The GA described previously was used to calculate weights for each bin of each feature, with each such weight reflected the extent to which possession of that feature-value combination resulted in a molecule having some specific activity. The fitness function was then based on the occurrences of these feature-value pairs in sets of molecules for which activity data are available. For this purpose, we used sets of structures extracted from the World Drugs Index (or WDI, available from Derwent Information at URL http://www.derwent.co.uk) and SPRESI (available from Daylight Chemical Information Systems Inc. at http://www.daylight.com) databases: the former contains molecules for which biological activities have been established while the latter contains a large number of molecules that are assumed to be inactive. As with the text application, the chromosome in the GA encodes possible weights (in this case for each of the feature-value bins), and then the score for a particular molecule is the sum of the weights for those feature values that are associated with it. The fitness function of the GA is simply the number of top-ranked active molecules once the molecules have been ranked in decreasing order of these sums-of-weights.

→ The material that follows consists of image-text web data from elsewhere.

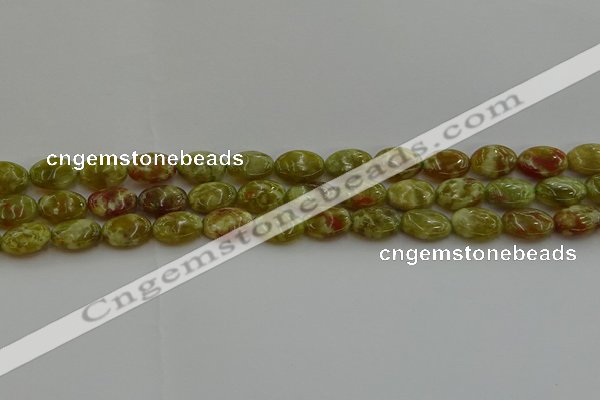 CNS631 15.5 inches 10*14mm oval green dragon serpentine jasper beads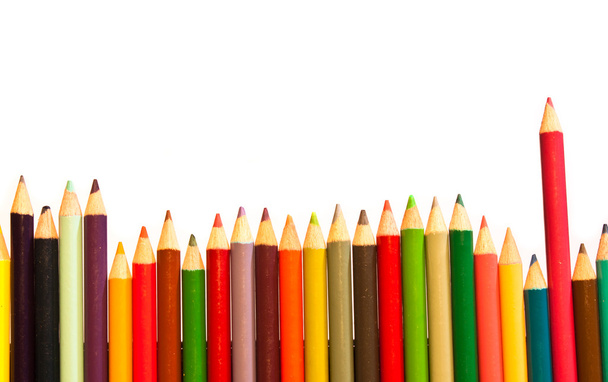 Skládaný izolované barevné tužky - Fotografie, Obrázek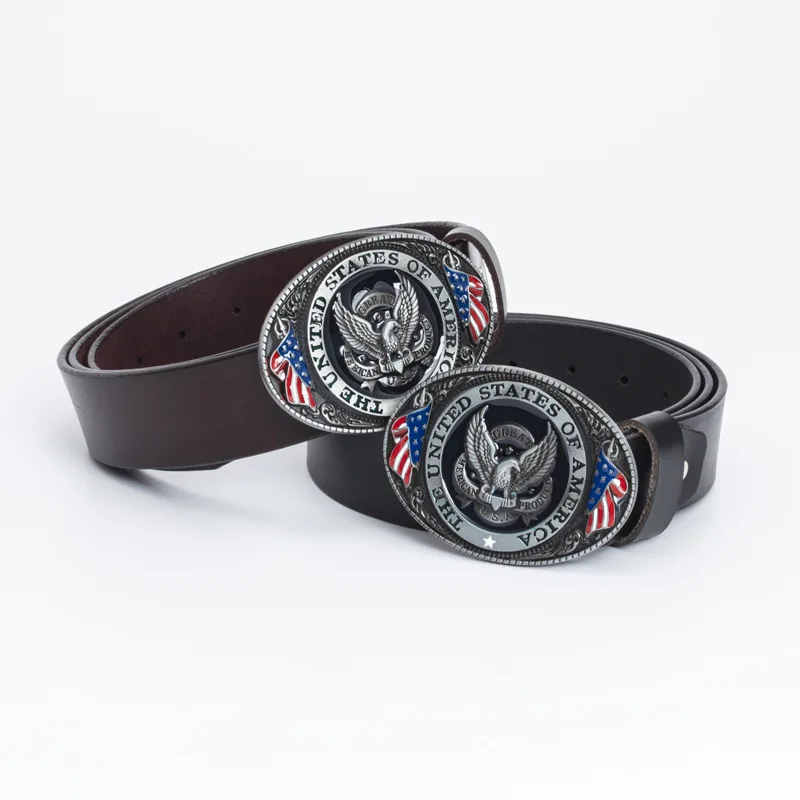 

Cowhide trend men's belt manufacturers explosion models leather simple retro casual business men's buckle belt men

Sets of 1000 molecules with some particular activity were chosen from the WDI and then combined with a set of 16,807 SPRESI structures. The GA was used to calculate weights for this combined dataset, and a note made of the number of actives in the top 1000 positions once convergence had occurred. The effectiveness of the weights is measured by the degree of initial enhancement, i.e., the ratio of the observed number of top-1000 actives to the number of actives that would be obtained by selecting 1000 compounds at random (Gillet et al., 1998). These results are summarised in Table 2 and it will be seen that the GA weights give consistently better results than merely selecting compounds at random for testing, although the extent of the improvement is clearly dependent upon the specific activity under investigation. Gillet et al. (1998) report comparable results from extended experiments using various forms of these weights on a range of datasets; these involved not only retrospective studies (as here) but also experiments where the weights were used in a predictive manner. It was concluded that the GA provided a simple and effective way of ranking sets of compounds in order of decreasing probability of activity, thus enabling the prioritisation of compounds for synthesis and biological testing.

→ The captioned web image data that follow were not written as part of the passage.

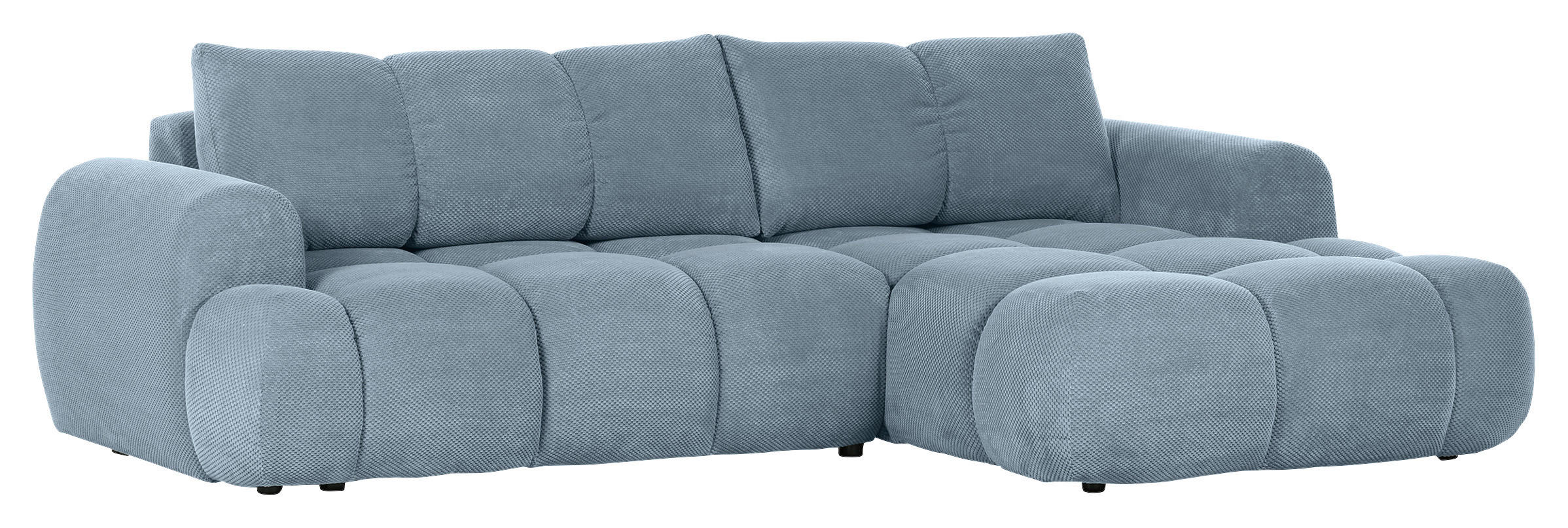 ECKSOFA Blau Flachgewebe  - Blau/Schwarz, KONVENTIONELL, Kunststoff/Textil (274/174cm) - Carryhome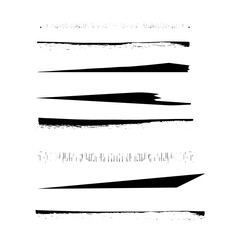 Set of hand drawn grunge strokes. Artistic brushes. Vector illustration
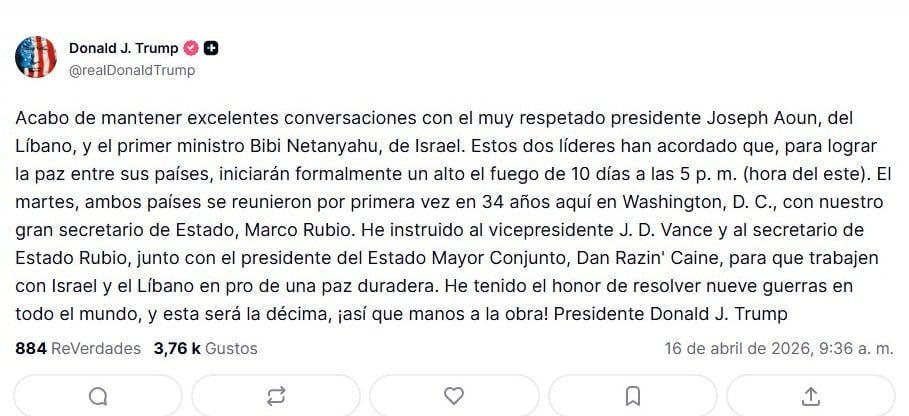 Donald Trump anuncia un alto al fuego por 10 días entre Líbano e Israel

Drug Activity | Initial Enhancement |
---|---|
Hormones | 8.3 |
Anti-cancers | 7.6 |
Anti-microbials | 7.6 |
Anaesthetics | 4.1 |
Blood | 3.6 |
Central nervous system | 3.9 |
Psychotropics | 2.5 |
The many types of similarity measures that are available for the measurement of molecular similarity has led to comparative studies in which researchers try to identify a single, "best" measure, using some quantitative performance criterion. For example, Willett et al. (1986) discuss the merits of different association coefficient for chemical similarity searching and conclude by recommending the Tanimoto coefficient for this purpose. Such comparisons, of which there are many in the chemical information literature, are limited in that they assume, normally implicitly, that there is some specific type of structural feature (similarity coefficient, weighting scheme or whatever it is that is being investigated) that is uniquely well suited to describing the type(s) of biological activity that are being sought for in a similarity search. The assumption cannot be expected to be generally valid, given the multi-faceted nature of biological activities, and this has led us to consider chemical applications of data fusion (Hall, 1992).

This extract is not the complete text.